We also add the additional data of the in-charge person for these regions to analyze if any particular individual (or teams in case of larger personnel data) contributed more to profit or loss.
We can create a simple viz to see the data in action.
Sub-category to to the Rows field. Add
Profit to the Columns section in the center of the worksheet from Measures.
Returned from the Returns dataset. Add it to the Colors Card as well as the Filter section. Our viz is transformed as below.
If any value is not displayed due to negative values, add it to the sheet using absolute values.
Here, we showcase the overall Profits and sales figures in the backdrop of Profits.
Add the Returned Dimension from Returns table to the Color Card in Marks panel.
Our viz transforms on adding to color as follows.
Tableau has automatically split the number based on the categorization of being Returned or not.
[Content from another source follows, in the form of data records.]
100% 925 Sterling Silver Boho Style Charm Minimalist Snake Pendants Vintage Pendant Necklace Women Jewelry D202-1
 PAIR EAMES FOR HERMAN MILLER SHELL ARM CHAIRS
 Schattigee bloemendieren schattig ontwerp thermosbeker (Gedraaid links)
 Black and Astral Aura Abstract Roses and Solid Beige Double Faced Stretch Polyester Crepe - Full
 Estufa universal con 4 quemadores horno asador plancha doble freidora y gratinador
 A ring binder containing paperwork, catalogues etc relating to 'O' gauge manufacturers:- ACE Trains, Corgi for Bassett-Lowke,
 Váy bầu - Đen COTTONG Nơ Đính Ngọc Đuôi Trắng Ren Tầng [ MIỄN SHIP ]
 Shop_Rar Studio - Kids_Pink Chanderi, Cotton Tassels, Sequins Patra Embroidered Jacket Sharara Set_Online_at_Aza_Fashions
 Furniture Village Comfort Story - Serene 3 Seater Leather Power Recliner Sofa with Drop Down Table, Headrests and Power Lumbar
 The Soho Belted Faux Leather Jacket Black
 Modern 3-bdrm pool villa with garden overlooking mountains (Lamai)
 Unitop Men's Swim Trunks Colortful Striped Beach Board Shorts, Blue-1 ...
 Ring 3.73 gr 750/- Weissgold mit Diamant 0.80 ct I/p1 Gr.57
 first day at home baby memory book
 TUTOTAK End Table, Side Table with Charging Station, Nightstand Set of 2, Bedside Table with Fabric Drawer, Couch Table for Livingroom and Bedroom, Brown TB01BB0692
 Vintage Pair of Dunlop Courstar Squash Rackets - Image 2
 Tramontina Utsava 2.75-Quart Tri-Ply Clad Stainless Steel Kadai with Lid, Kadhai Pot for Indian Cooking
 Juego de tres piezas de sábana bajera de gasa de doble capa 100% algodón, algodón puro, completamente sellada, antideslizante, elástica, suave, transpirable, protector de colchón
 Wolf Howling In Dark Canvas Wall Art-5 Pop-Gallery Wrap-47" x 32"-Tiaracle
Referring to the Color Legend on the side, we can see that 800 orders were returned while the remaining 9195 orders were completed.
Now, we shall look at another important concept called Data Blending in Tableau.
Data blending is a method for combining data where we supplement a table of data from one data source with columns of data from another data source.
Data blending is used instead of Joins in the following instances:
- When we have to join data from different databases that are not supported by cross-database joins
- Data is at coded at different levels of detail in the various individual tables being considered for the join
- Data needs to be cleaned or transformed
- When Joins might cause duplicate data or performance issues
In order to use data blending features, we need to:
- Assign one data source as primary and one or more as secondary.
- Define the common dimension(s) between the two data sources
In general, we use data blending instead of Joins when we have our data in different types of sources: say an Excel sheet and the result from a database query in JSON format or need to aggregate data from secondary data source to first.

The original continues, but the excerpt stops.